Health care is a calling for the doctors who work at the Community Health Center of Central Missouri, Chief Clinical Officer Crystal Sullivan said.
Sullivan should know. It was for her.
"I got into medicine because I was raised by a single-parent mother," she said. "We often struggled to make ends meet. She always emphasized education and raising a strong, independent woman."
Sullivan said she has a passion for taking care of patients who might not have the ability to get health care anywhere else — the under-served.
"I grew up as one of those children," she said. "As a child, there were times when I went to the health center in northwest Missouri, where I grew up."
Sullivan specializes in family practice.
She joined the center right after completing her residency at Capital Region Medical Center and worked there as a family doctor for about three years before accepting the lead position.

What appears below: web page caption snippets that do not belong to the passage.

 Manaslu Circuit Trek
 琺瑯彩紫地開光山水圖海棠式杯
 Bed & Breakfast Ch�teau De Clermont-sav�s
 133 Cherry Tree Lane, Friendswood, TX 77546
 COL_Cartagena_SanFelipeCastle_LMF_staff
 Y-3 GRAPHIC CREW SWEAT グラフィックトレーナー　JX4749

"We have people who are very mission-driven. This job can be difficult at times when you're dealing with patients who have a lot of issues outside of their medical concerns," Sullivan said.
They may see patients who have diabetes but also face possibly having their electricity shut off, are running out of food or can't afford their medicine.
"Those issues can make it a challenging environment," she said. "So if you're not mission-driven, it can be more challenging to continue in this profession."
Loving what you do makes it easier to handle the difficult situations that come along.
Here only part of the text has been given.